New York

Wendy Knox-Leet

P.S.1 Contemporary Art Center

Wendy Knox-Leet is a young Canadian artist who has been living and working in New York for the last year. Her recent sculptures are an engaging expression of the on-the-wall fare currently popular in New York. Additive in structure, the sculptures consist of various layers of wire mesh and other materials—aluminum, coal, acrylic, enamel, gels, aquarium sand and glitter among them. They vary a great deal in size and shape, materials, textures and colors. What the works share, however, is an attitude of “aggressive organicity,” the result of making both formal elements (flat and folded planes, straight and angled edges, primary and local colors, matte and reflective surfaces) and conceptual elements (art and industry, painting and sculptures, the decorative and structural, the refined and raw) all work together by working them against one another. And, in these works, particularly the vertical and body-scaled examples made of wire mesh, coal, acrylic, enamel and aluminum, a strong object presence is turned into a figural presence because structure and surface can be read as bones and flesh. Such references to the body recall Knox-Leet’s background in performance art and her earlier free-standing sculpture.

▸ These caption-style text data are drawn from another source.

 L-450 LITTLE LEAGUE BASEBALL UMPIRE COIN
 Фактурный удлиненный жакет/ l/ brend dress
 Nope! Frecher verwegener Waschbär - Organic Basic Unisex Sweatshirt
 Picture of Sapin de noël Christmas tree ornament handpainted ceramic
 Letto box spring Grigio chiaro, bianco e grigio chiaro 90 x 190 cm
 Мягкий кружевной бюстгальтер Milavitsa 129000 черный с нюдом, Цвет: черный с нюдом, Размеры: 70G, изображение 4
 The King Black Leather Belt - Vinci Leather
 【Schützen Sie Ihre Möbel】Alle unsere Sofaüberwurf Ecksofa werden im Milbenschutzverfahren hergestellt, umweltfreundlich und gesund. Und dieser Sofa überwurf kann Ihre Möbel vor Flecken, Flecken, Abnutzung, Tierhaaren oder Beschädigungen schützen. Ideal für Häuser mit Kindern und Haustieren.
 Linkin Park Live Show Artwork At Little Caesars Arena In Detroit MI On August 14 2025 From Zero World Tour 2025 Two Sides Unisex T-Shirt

Of course, adding to the attitude of aggressive organicity is the illusion of movement created by both the vertically and horizontally disposed pieces. They seem not only to propel themselves into the audience’s space but also to sweep along the wall in various ascending directions. An intense quality of “presence” is also encouraged by the element of surprise built into each example, resulting from the combinations of elements and articulation of surfaces and scales—both internal and external. This surprise is even more a surprise in the context of a one-person show.